In Florida, the anti-immigrant movement has been vocal in its opposition to in-state tuition. Floridians for Immigration Enforcement (FLIMEN) calls in-state tuition “an assault” and calls on Floridians to “smash Florida college tuition subsidies for illegal aliens.” The group recently published talking points for opposing the bill. They acknowledge the difficulty of estimating both the cost of college access and the number of students who would benefit, but encourage supporters to make up numbers. One of the talking points was as follows:
“Ask the Representative, Senator or Governor how much it will cost to subsidize college tuition for illegal aliens. Throw out some numbers like, $50 million, $500 million, $1 billion.”
More broadly, the anti-immigrant movement has been trying to fight off legislation that would expand access to in-state tuition, driver’s licenses, or public benefits. While at this point they are unable halt immigration at the national level, they are pursuing an attrition-through-enforcement policy at the state level, trying to make immigrants’ lives as hard as possible. Their attempts to block inclusive state policies dovetail neatly with their attacks on DACA. In both cases, the nativist movement is using these debates at the state level to re-introduce anti-immigrant rhetoric, and position themselves to demonstrate state-level opposition to inclusive national policy. And they’re going after immigrant youth and their parents in the process.
When talking to their base, the anti-immigrant movement exposes some of its core motivations – anxieties about the changing racial demographics of the country and the national character, a desire for population control. Mark Krikorian, head of the Center for Immigration Studies, recently called immigration reform synonymous with “disintegration and decomposition,” and on a conservative blog derided those who had been granted deferred action:
“Talk about the soft bigotry of low expectations. If the half-million who’ve already benefited from this amnesty are the “high-achieving” portion of the illegal-alien population, what are the other 11 million like?”
It’s hard to miss the irony of the critique: By denying in-state tuition to undocumented immigrants in most states, government policy actively prevents immigrants from pursuing higher education.

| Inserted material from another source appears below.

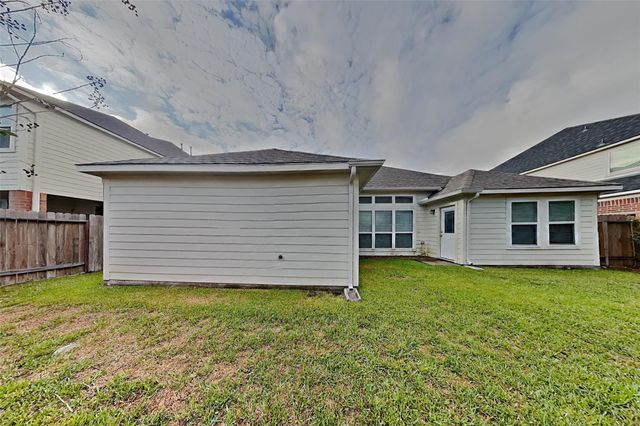 9909 Climbing Tree Street, Conroe, TX 77385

Another favorite anti-immigrant talking point reveals underlying racial anxieties and attempts to derail inclusive policies by highlighting crimes committed by immigrants without status. The Social Contract, a journal founded and published by John Tanton, recently ran an entire issue on “Americans Killed by Illegal Aliens.” The lead article says “We are All Victims,” and a later article is titled “The Psychological Cost of Diversity.” The publication not only takes advantage of moments of tragedy and violence, but also conflates violent crime and murder with changing demographics and diversity. Recent statements by Jessica Vaughan of CIS make clear that the anti-immigrant movement continues to use this argument in response to the possibility of another administrative relief.
While most politicians and individuals shy away from such extreme rhetoric, a more insidious racism maintains and strengthens structural inequality, and fixes the rules of the game so that immigrants are barred from social, political and economic life. Such policies in word or practice bar immigrants from higher education, from health care, or from even driving on public roads. In addition to these exclusions, changes in federal law have further criminalized immigrants. The massive prison system, long a pillar of institutional racism in the US, is increasingly used to cage and expel immigrants.
Such policies have long been resisted by the communities they target. Immigrant youth have fought for tuition equality and access to higher education. A widespread coalition has come together to stop deportations that have devastated communities around the country. Protests and hunger strikes against draconian conditions and confinement in immigrant detention facilities continue today in Washington and Texas.
While the anti-immigrant movement is more explicit about its bigotry, the quieter bureaucratic exclusion of immigrants from basic services and educational access is just as devastating. Both must be unequivocally rejected.